- _Task goal_: Lines from the one containing "Photo of the whole room, Bed in Hotel Avance" through the last line of the data are to be returned exactly, both ends included, minus any pictures.

Saved entries:
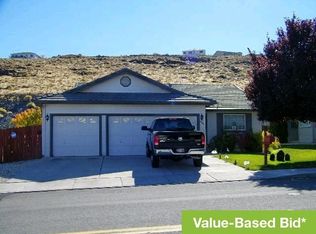 4580 Goodwin Rd, Sparks, NV 89436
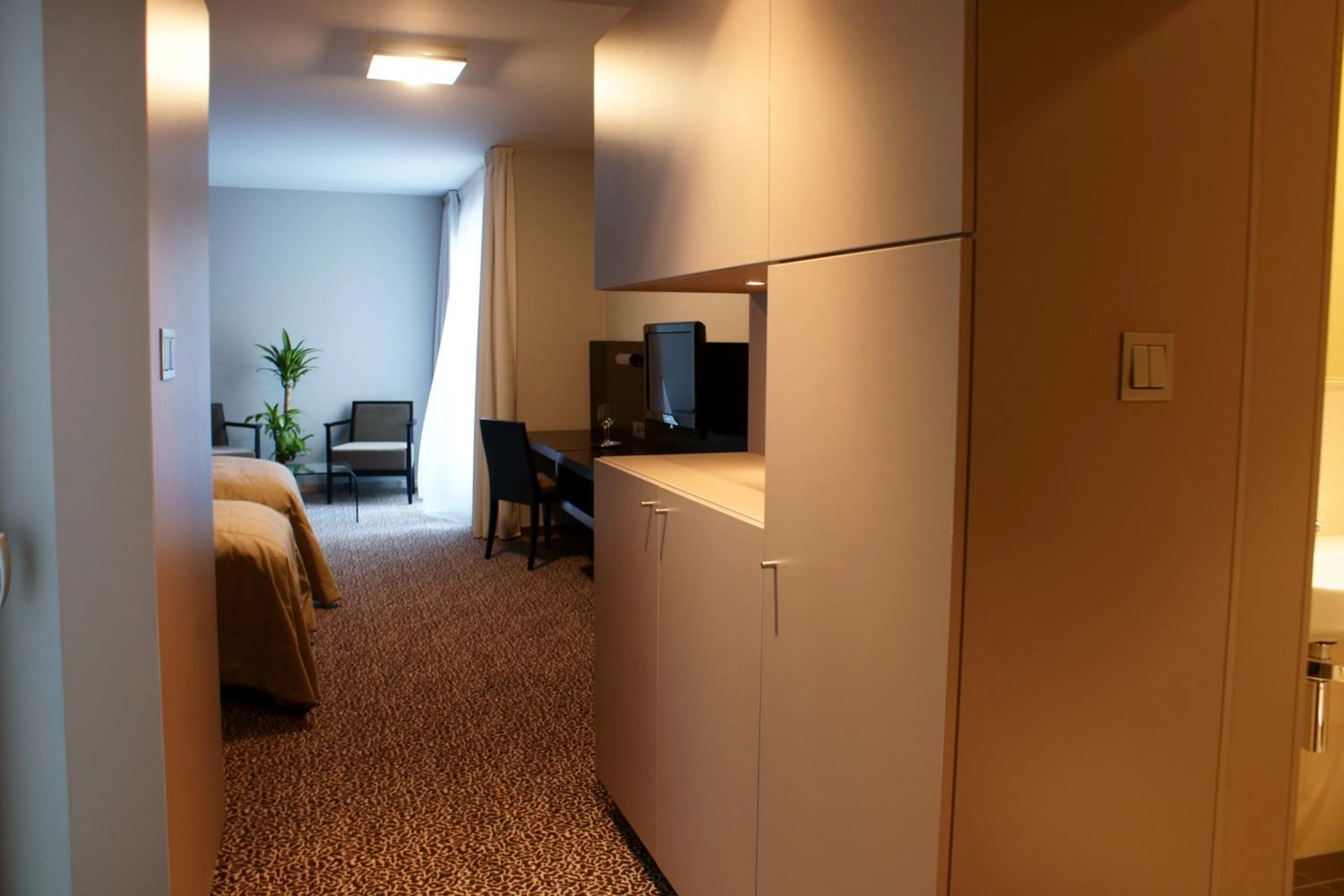 Photo of the whole room, Bed in Hotel Avance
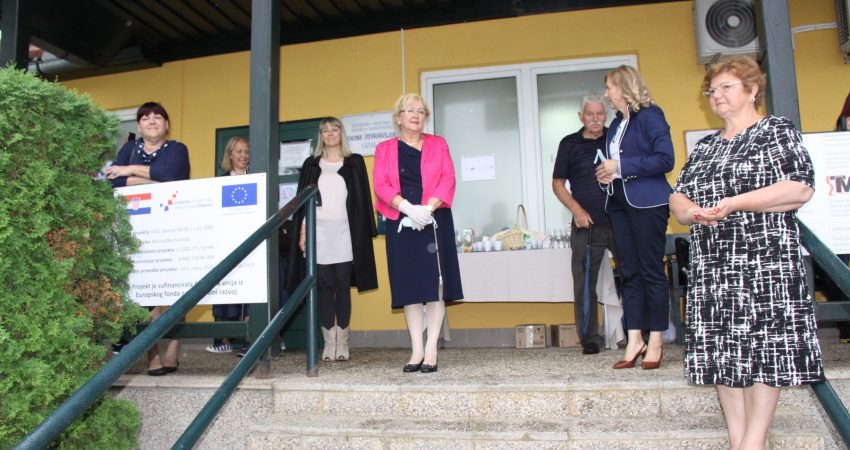 Obilazak Županijskih službi zbog početka radova na rekonstrukciji zgrade Doma zdravlja Ozalj
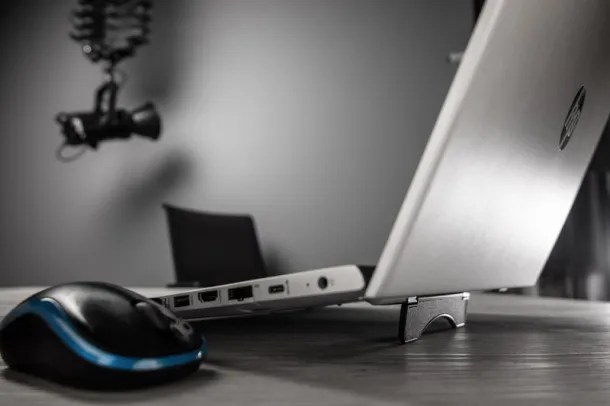 COMAGO Laptop stand Crna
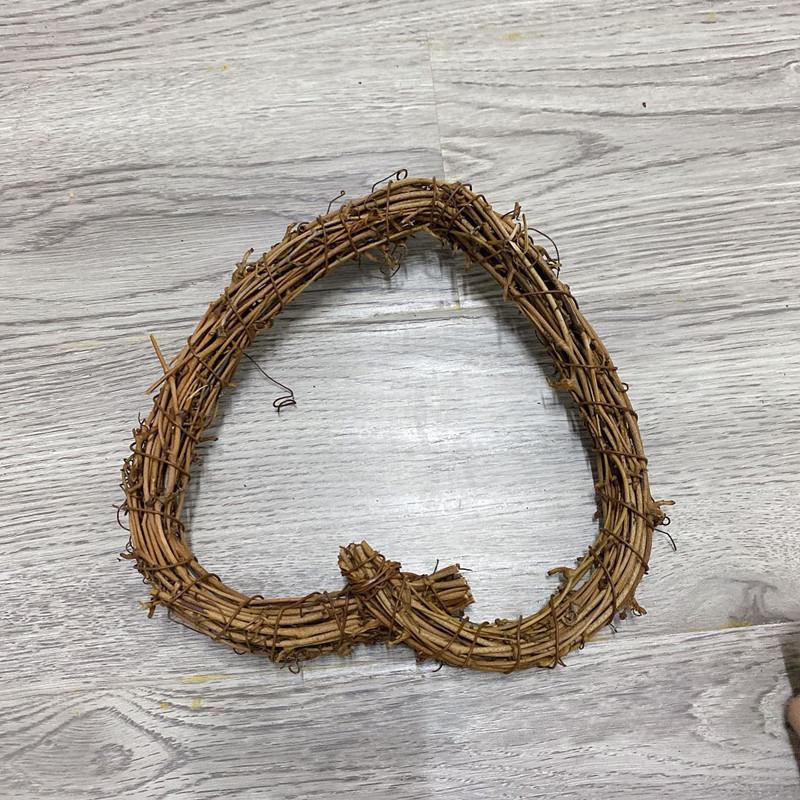 Natural Dried Pine Cones for Christmas Tree Decoration, Photography Props, Floral Wreaths, and Bouquets.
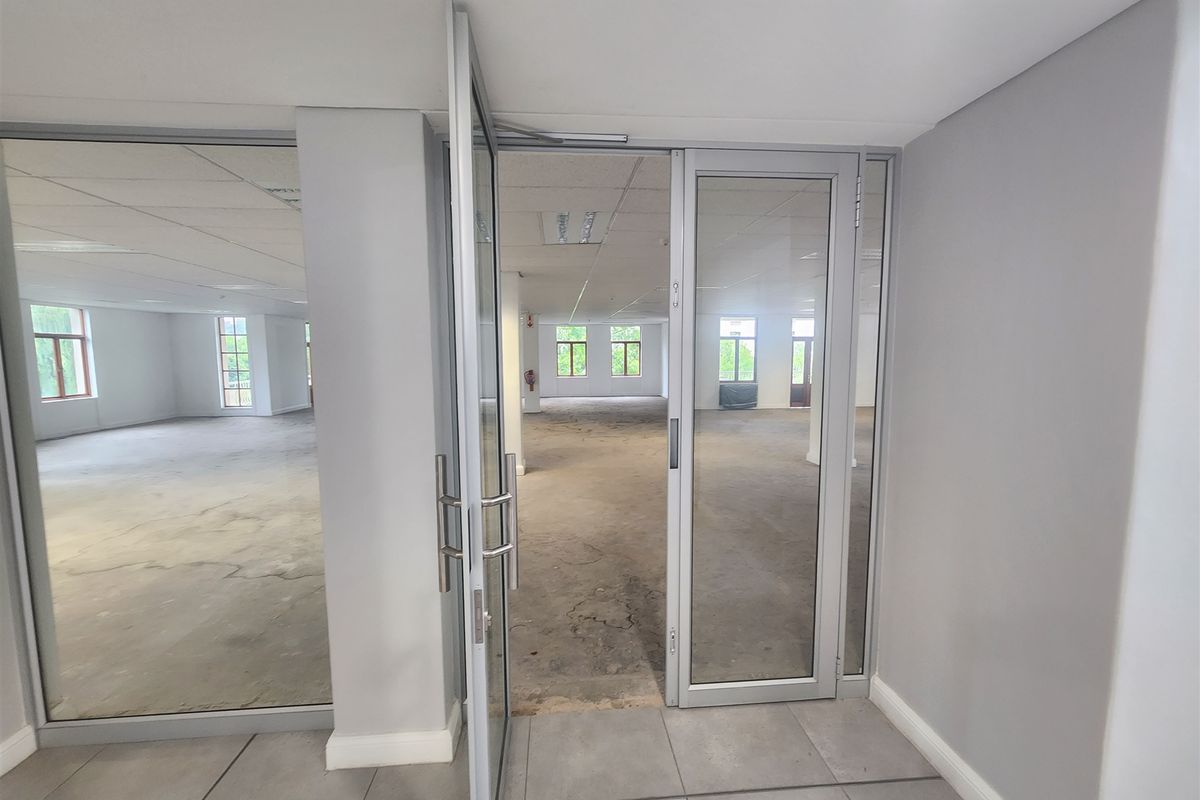 Office space to let in Strathavon, Sandton - Photo 3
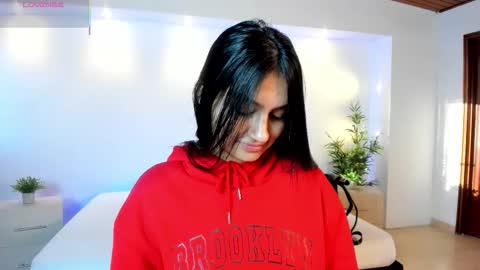 aidajoness online show from March 19, 11:37 am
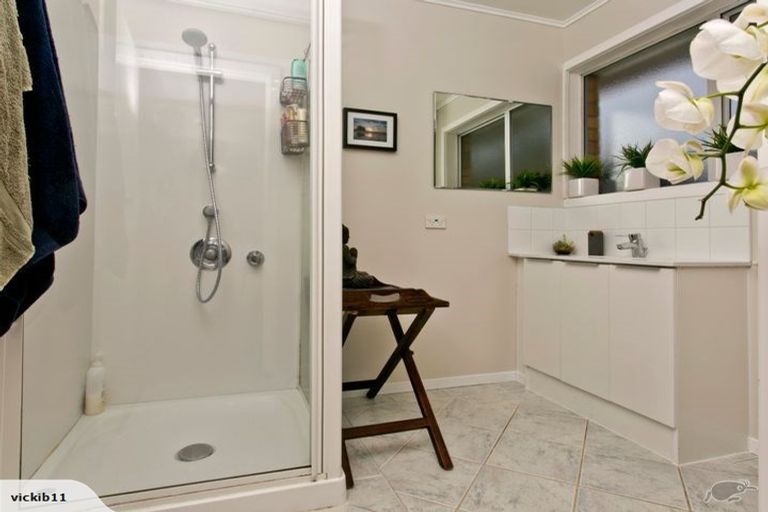 Photo of property in 1/108 Canongate Street, Birkdale, Auckland, 0626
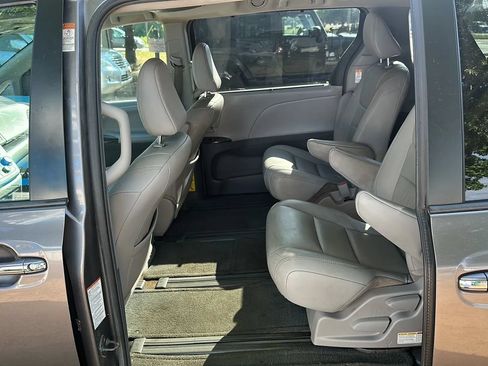 Used 2015 Toyota Sienna XLE w/ XLE Navigation Package AWD/4WD image 18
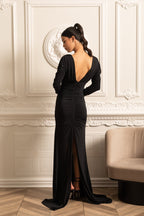 Derin Yaka Dantelli Elbise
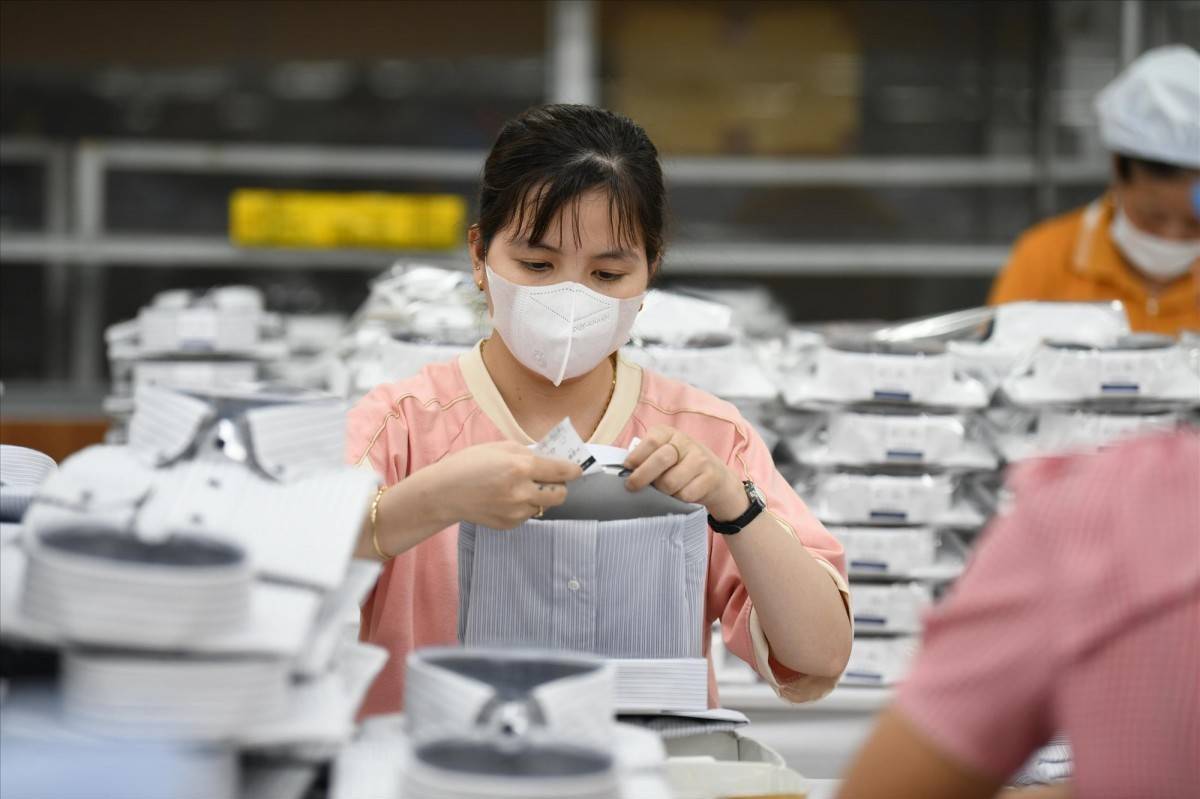 Doanh nghiệp dệt may đồng loạt báo lãi lớn, xuất khẩu cán mốc 46 tỷ USD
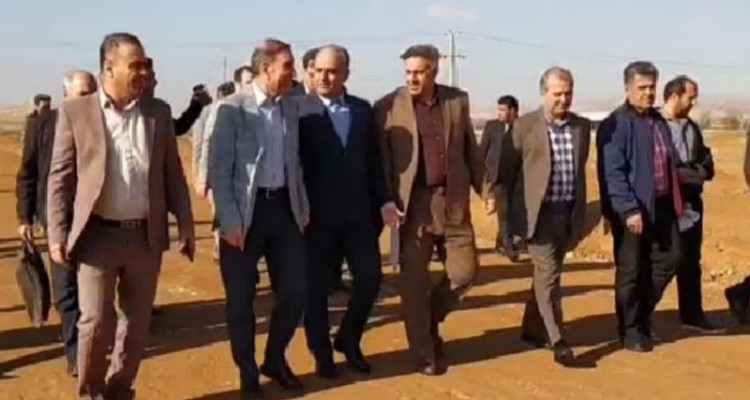 بازدید مسئولین از  زمین های ۴۹ هکتاری پروژه مسکن ملی اسلام آبادغرب+فیلم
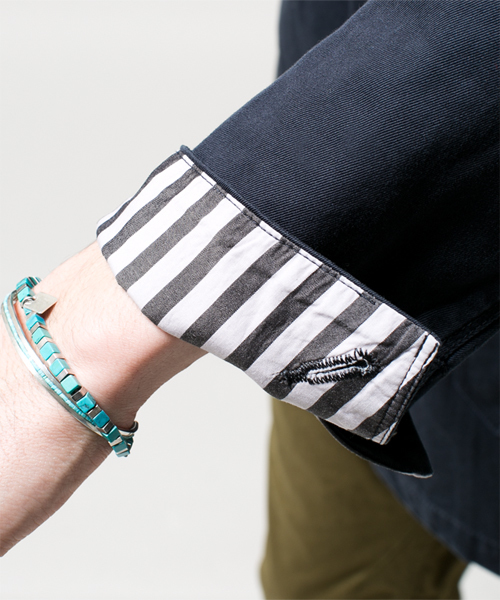 NANO universe（ナノユニバース）の「COOL MAX ツイルショップコート（その他アウター・メンズ・ベージュ/オリーブ/ブルー/ネイビー/マスタード・LARGE/MEDIUM/SMALL）」の6枚目の写真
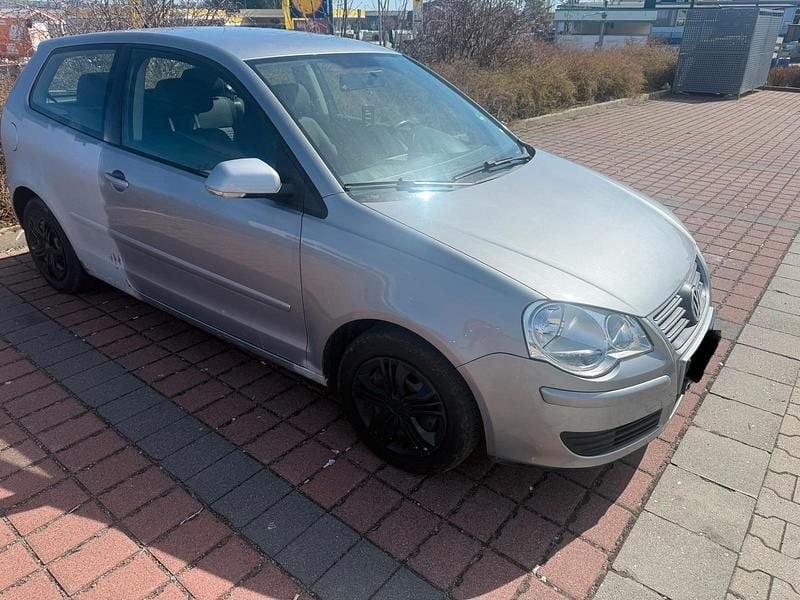 Gebraucht VW Polo 65 PS (47 kW) 2009 Grau Kleinwagen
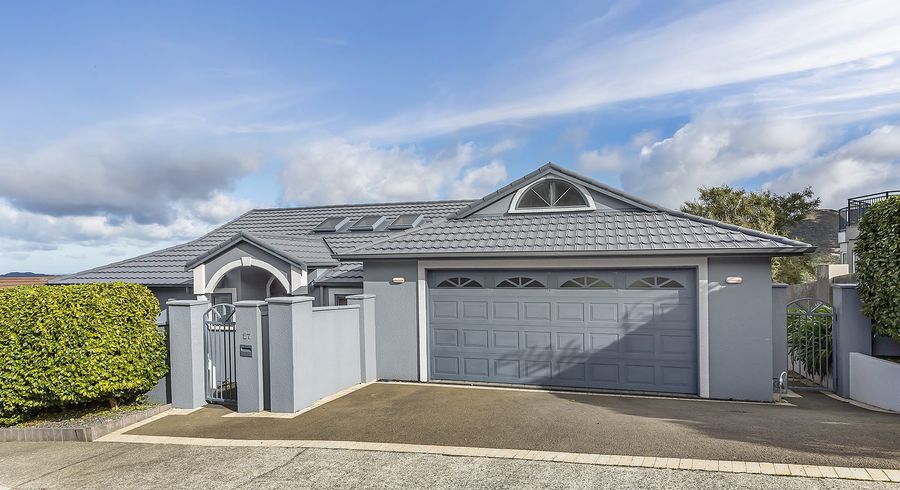  at 27 Satara Crescent, Khandallah, Wellington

- _Written answer_:
 Photo of the whole room, Bed in Hotel Avance
 Obilazak Županijskih službi zbog početka radova na rekonstrukciji zgrade Doma zdravlja Ozalj
 COMAGO Laptop stand Crna
 Natural Dried Pine Cones for Christmas Tree Decoration, Photography Props, Floral Wreaths, and Bouquets.
 Office space to let in Strathavon, Sandton - Photo 3
 aidajoness online show from March 19, 11:37 am
 Photo of property in 1/108 Canongate Street, Birkdale, Auckland, 0626
 Used 2015 Toyota Sienna XLE w/ XLE Navigation Package AWD/4WD image 18
 Derin Yaka Dantelli Elbise
 Doanh nghiệp dệt may đồng loạt báo lãi lớn, xuất khẩu cán mốc 46 tỷ USD
 بازدید مسئولین از  زمین های ۴۹ هکتاری پروژه مسکن ملی اسلام آبادغرب+فیلم
 NANO universe（ナノユニバース）の「COOL MAX ツイルショップコート（その他アウター・メンズ・ベージュ/オリーブ/ブルー/ネイビー/マスタード・LARGE/MEDIUM/SMALL）」の6枚目の写真
 Gebraucht VW Polo 65 PS (47 kW) 2009 Grau Kleinwagen
  at 27 Satara Crescent, Khandallah, Wellington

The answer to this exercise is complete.